- Task to complete -
Please write the listing below out again exactly, leaving every picture behind.

- Data segment -
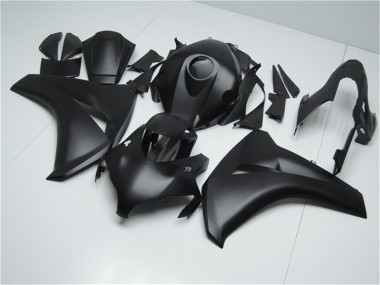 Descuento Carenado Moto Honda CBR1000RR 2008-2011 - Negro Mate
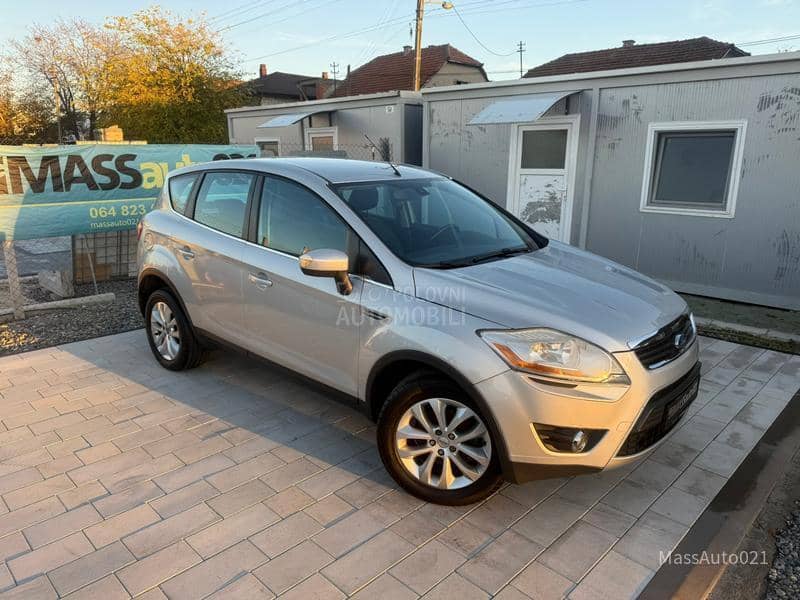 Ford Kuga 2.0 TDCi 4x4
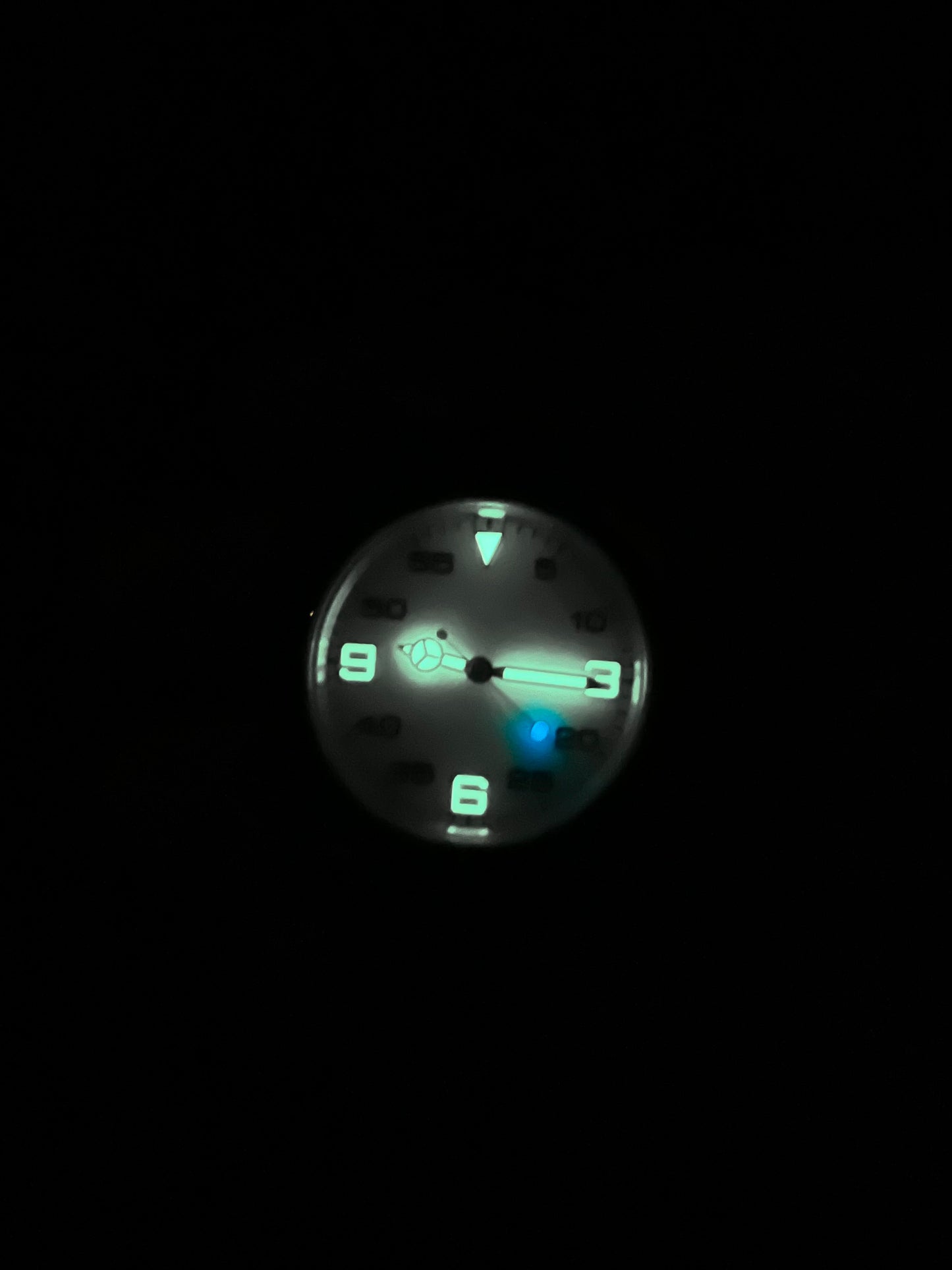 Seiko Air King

- Result below -
 Descuento Carenado Moto Honda CBR1000RR 2008-2011 - Negro Mate
 Ford Kuga 2.0 TDCi 4x4
 Seiko Air King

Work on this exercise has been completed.